Made at the height of the Reagan Era, with the then-monolithic Soviet Union tagged as ‘the Evil Empire’, Red Dawn is at once a mainstream shoot ‘em up action picture and an ideologically demented exercise in American paranoia. It opens a high school class being lectured about Mongol Hordes as Russian paratroops land on the playing field and set about gunning down innocents and taking over the town. Our junior heroes, mostly members of the loser local football team (‘the Wolverines’), stock up on guns, snack food and toilet paper and head for the mountains to keep fighting.
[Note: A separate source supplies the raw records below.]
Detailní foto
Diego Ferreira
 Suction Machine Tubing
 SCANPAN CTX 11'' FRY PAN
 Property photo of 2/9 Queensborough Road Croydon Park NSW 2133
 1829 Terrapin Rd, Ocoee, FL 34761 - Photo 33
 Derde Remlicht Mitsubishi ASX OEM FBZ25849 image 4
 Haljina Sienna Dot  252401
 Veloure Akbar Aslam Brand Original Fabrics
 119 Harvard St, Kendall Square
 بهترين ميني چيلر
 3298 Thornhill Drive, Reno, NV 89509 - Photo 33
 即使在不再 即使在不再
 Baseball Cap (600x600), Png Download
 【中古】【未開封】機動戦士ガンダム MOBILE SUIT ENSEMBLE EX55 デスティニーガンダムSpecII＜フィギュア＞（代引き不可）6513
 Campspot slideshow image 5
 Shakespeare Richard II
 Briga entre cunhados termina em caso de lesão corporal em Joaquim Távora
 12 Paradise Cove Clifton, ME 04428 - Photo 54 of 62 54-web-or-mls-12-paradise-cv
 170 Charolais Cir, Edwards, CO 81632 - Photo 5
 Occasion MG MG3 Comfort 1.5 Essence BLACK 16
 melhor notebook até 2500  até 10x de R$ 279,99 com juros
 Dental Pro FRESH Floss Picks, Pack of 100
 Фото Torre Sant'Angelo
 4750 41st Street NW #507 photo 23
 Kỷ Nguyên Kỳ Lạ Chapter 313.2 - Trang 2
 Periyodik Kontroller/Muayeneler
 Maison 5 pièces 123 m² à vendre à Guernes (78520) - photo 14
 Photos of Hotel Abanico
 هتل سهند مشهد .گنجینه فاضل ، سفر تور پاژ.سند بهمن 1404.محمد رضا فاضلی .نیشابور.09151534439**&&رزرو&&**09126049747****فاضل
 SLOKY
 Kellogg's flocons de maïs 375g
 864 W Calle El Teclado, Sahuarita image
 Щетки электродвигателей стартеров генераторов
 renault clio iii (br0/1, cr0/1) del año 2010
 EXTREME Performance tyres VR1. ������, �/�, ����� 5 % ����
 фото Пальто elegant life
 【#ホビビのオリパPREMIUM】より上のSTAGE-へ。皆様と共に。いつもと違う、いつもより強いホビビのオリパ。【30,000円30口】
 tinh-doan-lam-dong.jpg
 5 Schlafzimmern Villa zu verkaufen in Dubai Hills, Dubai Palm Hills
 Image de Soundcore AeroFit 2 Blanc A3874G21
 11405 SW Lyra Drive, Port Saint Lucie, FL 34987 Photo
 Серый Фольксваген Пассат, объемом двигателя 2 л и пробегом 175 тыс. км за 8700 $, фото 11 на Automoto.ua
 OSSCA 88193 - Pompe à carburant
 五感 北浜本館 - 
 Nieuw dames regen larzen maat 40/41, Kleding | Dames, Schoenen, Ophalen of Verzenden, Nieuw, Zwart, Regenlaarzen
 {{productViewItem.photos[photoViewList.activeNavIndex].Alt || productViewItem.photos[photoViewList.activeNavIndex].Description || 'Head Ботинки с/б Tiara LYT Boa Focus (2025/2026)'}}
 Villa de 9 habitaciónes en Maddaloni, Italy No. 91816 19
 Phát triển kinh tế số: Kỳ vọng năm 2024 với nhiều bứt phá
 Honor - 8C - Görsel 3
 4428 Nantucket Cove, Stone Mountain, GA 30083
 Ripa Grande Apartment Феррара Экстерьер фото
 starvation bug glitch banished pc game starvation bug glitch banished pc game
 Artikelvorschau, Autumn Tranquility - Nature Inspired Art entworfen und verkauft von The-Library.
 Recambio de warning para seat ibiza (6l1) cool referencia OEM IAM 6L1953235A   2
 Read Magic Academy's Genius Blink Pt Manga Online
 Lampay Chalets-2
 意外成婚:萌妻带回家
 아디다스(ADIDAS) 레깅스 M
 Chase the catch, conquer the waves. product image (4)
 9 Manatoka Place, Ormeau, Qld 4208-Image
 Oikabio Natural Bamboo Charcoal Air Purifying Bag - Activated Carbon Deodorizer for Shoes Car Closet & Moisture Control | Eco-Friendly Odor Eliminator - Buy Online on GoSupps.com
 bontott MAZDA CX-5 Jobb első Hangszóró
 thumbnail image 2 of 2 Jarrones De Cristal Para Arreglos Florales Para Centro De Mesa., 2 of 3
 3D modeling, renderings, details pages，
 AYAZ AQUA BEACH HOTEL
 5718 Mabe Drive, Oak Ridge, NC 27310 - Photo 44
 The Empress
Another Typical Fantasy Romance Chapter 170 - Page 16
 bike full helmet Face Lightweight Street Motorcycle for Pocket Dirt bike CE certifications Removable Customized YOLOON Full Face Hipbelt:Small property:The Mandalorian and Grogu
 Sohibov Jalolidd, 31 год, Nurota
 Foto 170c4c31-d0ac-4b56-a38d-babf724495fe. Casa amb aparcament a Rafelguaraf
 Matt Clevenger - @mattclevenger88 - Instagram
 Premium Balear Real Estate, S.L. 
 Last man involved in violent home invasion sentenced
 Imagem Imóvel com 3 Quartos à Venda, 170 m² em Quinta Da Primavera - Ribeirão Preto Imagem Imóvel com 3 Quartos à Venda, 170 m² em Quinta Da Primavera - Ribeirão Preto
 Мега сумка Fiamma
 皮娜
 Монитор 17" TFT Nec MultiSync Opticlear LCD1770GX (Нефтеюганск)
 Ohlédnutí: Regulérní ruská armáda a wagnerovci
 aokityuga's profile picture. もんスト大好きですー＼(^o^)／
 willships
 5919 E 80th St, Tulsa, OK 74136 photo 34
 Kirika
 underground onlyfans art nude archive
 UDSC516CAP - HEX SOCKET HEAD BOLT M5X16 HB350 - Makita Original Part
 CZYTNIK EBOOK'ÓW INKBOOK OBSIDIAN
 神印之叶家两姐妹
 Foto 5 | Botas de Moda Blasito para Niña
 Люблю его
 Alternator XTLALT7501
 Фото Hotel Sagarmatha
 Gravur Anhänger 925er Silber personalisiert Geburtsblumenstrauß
It’s pretty much hard-bitten camp, with Harry Dean Stanton shouting ‘avenge me’ behind the wire at a drive-in turned into a ‘re-education centre’, but the It Happened Here business of an unfamiliar, invaded backdrop (Alexander Nevsky at the local movie-house, Russian troops in McDonald’s) still has a frisson. Weirdly, as in the Rambo movies, the wish-fulfilment fantasy is that Americans get to be underdog, freedom-loving rebel guerillas, whereas the other side are big bullies crushing the will of the people.
To John Milius’s way of thinking, America *needs *to be attacked, invaded and overthrown for Americans to regain any sense of purpose – even if it means teenagers becoming mountain men and outright psychopaths. Though C. Thomas Howell does something almost subtle with the role of the youth who comes to enjoy summarily executing prisoners, other ‘80s teen icons (Patrick Swayze, Jennifer Grey, Charlie Sheen) just look glum and are upstaged by ‘guest stars’ Powers Boothe (downed pilot) and Ben Johnson (grandfatherly plot-explainer) or contrasted commies Ron O’Neal (sympathetic Cuban) and William Smith (nasty Russian). A guilty pleasure.